## Work to be completed:
Give again, exactly and without pictures, the lines running from the line with "Jim Beam Whiskey LED Neon Sign" to the end of the records below.

── Supplied material ──

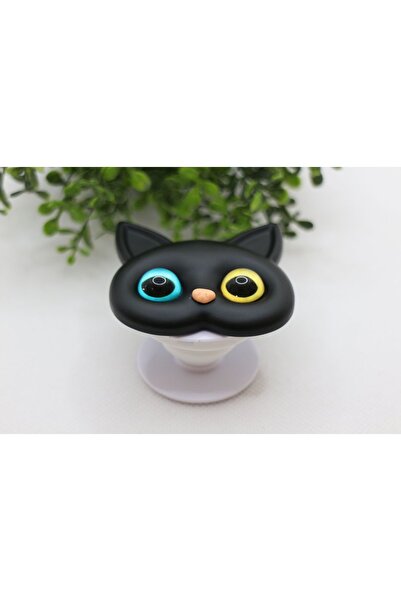 Tezcan Aksesuar Kedi Tasarım Popsocket Telefon Tutacağı Desenli ve Baskılı Parmak Tutucu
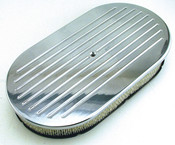 12" Oval Chrome Ball Milled 9-Line Air Cleaner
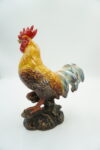 ŻELIWNA FIGURKA KOGUT KOLOROWY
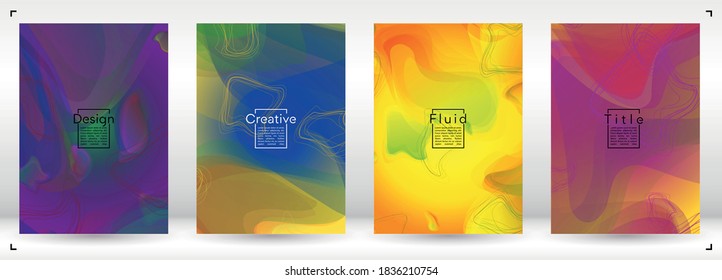 Minimal Geometric Cover Design with Gradient and Abstract Lines, Figures for your Business.  Banner Fluid Rainbow Poster Design, Gradient Effect for Identity.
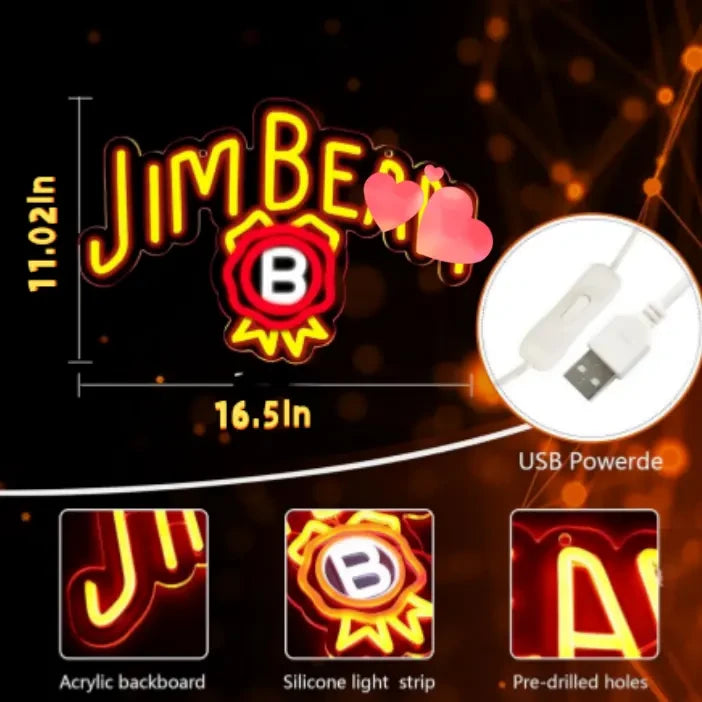 Jim Beam Whiskey LED Neon Sign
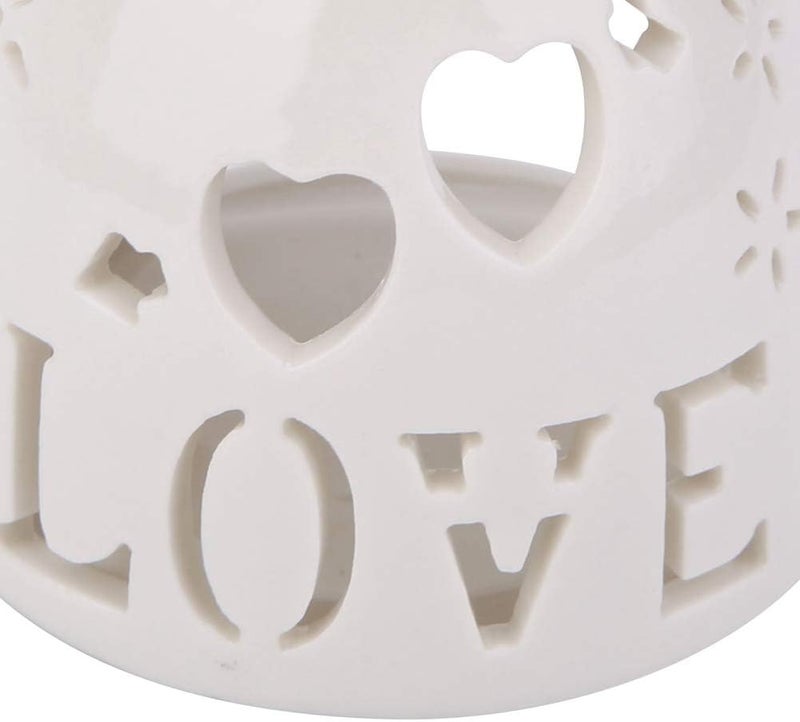 woobles Ceramic Tealight Candle Holder Oil Burner Night Fragrance Lamp Essence Oil Furnace Aromatherapy Wax Valentine's Day Girlfriend(Love) - Image 2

───

## Output below:
 Jim Beam Whiskey LED Neon Sign
 woobles Ceramic Tealight Candle Holder Oil Burner Night Fragrance Lamp Essence Oil Furnace Aromatherapy Wax Valentine's Day Girlfriend(Love) - Image 2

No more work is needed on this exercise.